Depressive Symptoms.

The 7-item depression subscale of the Hospital Anxiety and Depression Scale (HADS) was designed to detect depressive symptoms in medically ill patients, including people with cancer (Moorey et al.; Zigmond & Snaith, 1983). Participants rated items on a 4-point scale from 0 (absence) to 3 (extreme presence). All items were summed with possible scores ranging from 0–21, and scores ≥8 indicated clinically meaningful depressive symptoms (Hipkins et al., 2004). A minimally important difference (MID) of 1.4 points indicated a clinically meaningful change in depressive symptoms (Puhan et al., 2008).

Sleep.

The 19-item Pittsburgh Sleep Quality Index (PSQI) assessed types and frequency of sleep disturbance experienced over the last month (Buysse et al., 1989). A global score was obtained by summing seven component scores (range 0–21) that captured subjective sleep quality, sleep latency, habitual sleep efficiency, nighttime disturbance, sleep duration, use of sleep medications, and daytime dysfunction. A global score ≥5 indicated clinically meaningful sleep disturbance (Buysse et al., 1989), and a MID of 3 points indicated clinically meaningful change (Hughes et al., 2009). Sleep efficiency was calculated as the proportion of total time in bed spent asleep, with scores <85% indicating clinically low sleep efficiency (Lichstein et al., 2003). The PSQI is psychometrically sound among cancer patients (Beck et al., 2004).

Physical Activity.

The 7-item International Physical Activity Questionnaire-Short Form (IPAQ-SF) was used to assess the frequency (days/week) and duration (minutes/day) of three intensities of physical activity (i.e., walking, moderate, vigorous) and time spent sitting (i.e., indicator of sedentary time) in the last seven days (Lee et al., 2011). Values at each intensity level were weighted by its energy requirements, which were defined by metabolic equivalents (METs) as follows: walking=3.3 METs/minute, moderate physical activity=4.0 METs/minute, vigorous physical activity=8.0 METs/minute (Forde). Total physical activity was calculated as the sum of METs/week for each type of physical activity. Patients were also categorized as minimally, moderately, or highly physically active according to published guidelines (Forde).

Statistical Analyses

All analyses were performed using SAS Version 9.4. Descriptive statistics were used to characterize participants by demographic and clinical variables at baseline.

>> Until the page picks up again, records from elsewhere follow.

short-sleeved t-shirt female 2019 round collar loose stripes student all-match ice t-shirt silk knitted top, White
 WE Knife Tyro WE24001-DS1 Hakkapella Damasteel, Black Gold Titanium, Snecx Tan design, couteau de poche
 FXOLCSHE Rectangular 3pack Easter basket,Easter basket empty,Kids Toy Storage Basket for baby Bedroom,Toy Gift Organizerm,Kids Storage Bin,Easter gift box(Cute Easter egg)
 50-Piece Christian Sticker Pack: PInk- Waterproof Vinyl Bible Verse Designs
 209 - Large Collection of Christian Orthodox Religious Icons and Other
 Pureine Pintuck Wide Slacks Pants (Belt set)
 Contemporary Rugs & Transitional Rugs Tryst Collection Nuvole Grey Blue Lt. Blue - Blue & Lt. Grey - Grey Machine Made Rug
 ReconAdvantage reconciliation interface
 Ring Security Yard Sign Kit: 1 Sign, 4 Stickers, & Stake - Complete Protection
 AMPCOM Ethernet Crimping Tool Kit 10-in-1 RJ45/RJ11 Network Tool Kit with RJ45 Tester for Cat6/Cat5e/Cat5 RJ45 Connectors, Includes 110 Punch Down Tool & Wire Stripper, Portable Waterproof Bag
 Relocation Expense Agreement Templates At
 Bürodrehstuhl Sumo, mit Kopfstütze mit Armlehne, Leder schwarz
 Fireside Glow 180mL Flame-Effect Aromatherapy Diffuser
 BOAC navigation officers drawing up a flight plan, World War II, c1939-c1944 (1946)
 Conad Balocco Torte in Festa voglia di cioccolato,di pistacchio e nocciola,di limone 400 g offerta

Multilevel models using Proc Mixed were used to examine changes in symptomatology from pre- to post-chemotherapy across treatment cycles 1, 3, and 6. Multilevel modeling accounts for correlations between repeated assessments and individual trajectories of scores over time (Kwok et al.). In addition, multilevel modeling uses all available data, as opposed to listwise deletion, so that participants were included at each timepoint at which they provided data. Missing data were not imputed. Each model assessed the effects of time (pre-, post-chemotherapy), treatment cycle (1, 3, 6), and the interaction of time and treatment cycle on individual symptoms (i.e., fatigue, depressive symptoms, disturbed sleep, and physical activity). The main effect of time indicated whether pre- vs. post-chemotherapy symptoms changed, regardless of treatment cycle. The main effect of treatment cycle examined change in pre-treatment symptoms at each cycle. Interactions between time and treatment cycle examined how symptoms changed from pre- to post-treatment across cycles (i.e., whether the slope of change from pre- to post-treatment increased or decreased). Statistical significance was indicated by p<0.05, and partial eta squared effect sizes were calculated for significant effects (0.01=small, 0.09=medium, 0.25=large). Models did not include covariates due to model complexity. However, post-hoc t-tests were used to explore the role of disease stage (stage I-II, stage III-IV) and history of previous treatment (pre-treated, treatment-naïve) on symptomatology at each time point.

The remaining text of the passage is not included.